## [What you need to do]
Below is a listing; retype exactly the lines between the one containing "Laptoptasche RPET-Filz Munnigna" and the one containing "Emilio Izaguirre atiza", inclusive, minus the pictures.

## [The data]
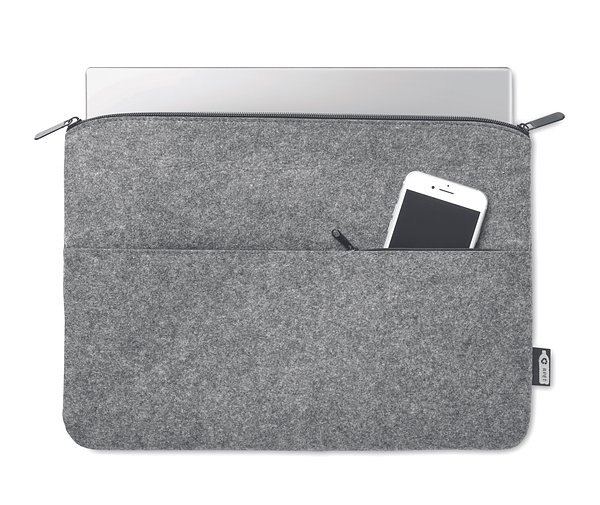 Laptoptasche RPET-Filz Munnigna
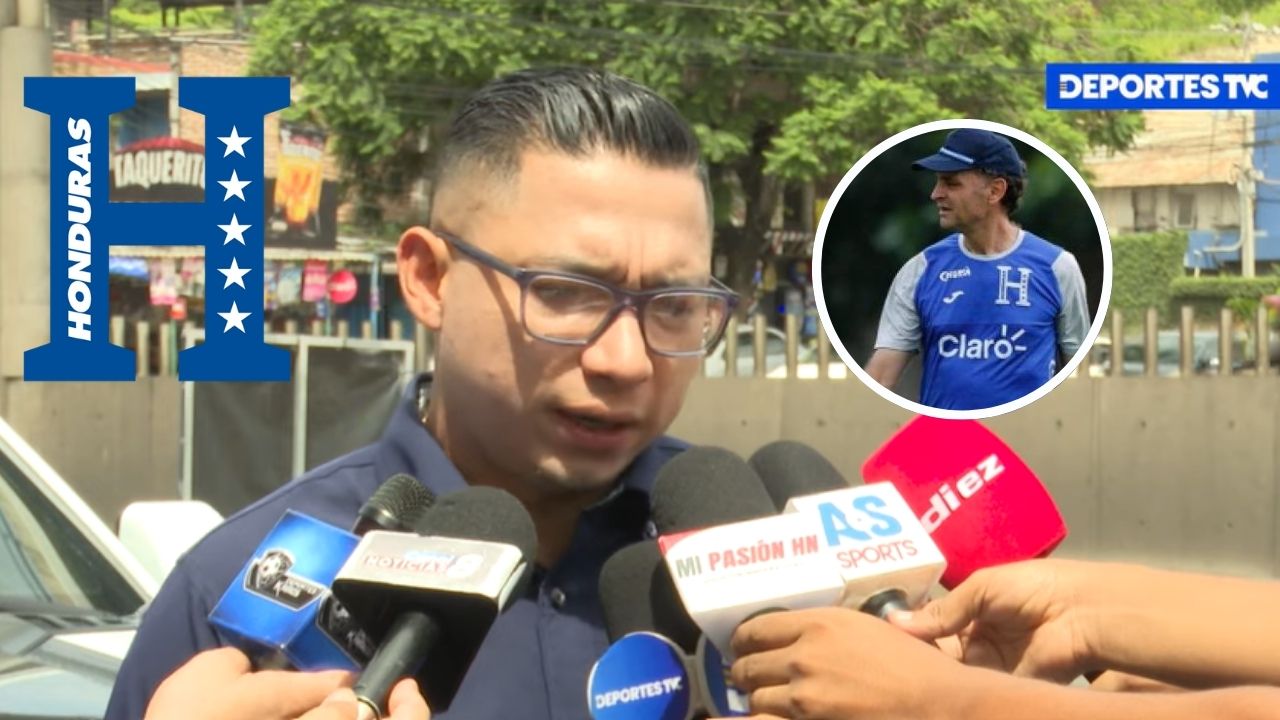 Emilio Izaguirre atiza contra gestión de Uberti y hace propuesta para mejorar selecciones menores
==
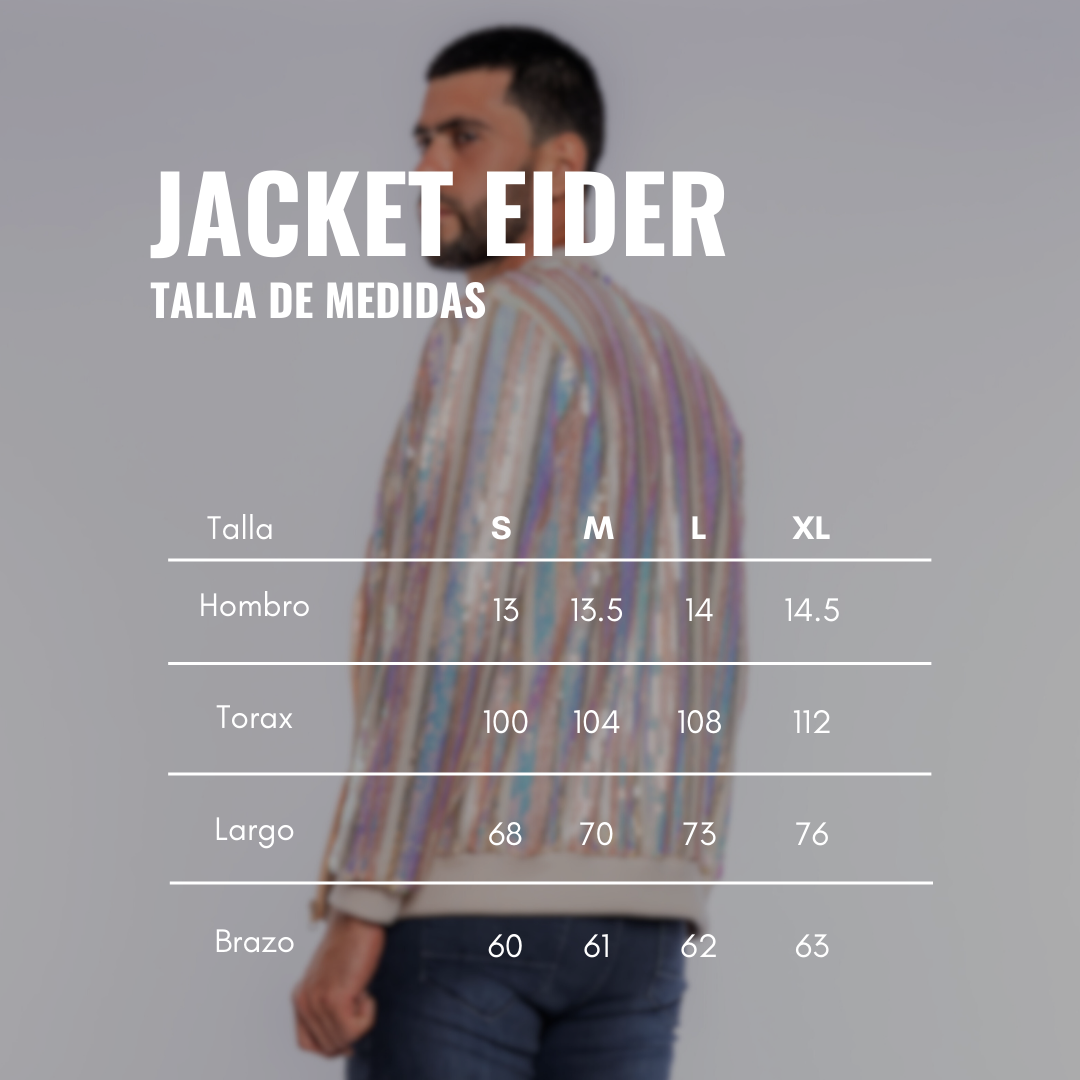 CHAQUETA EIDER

## [Solution to this problem]
 Laptoptasche RPET-Filz Munnigna
 Emilio Izaguirre atiza contra gestión de Uberti y hace propuesta para mejorar selecciones menores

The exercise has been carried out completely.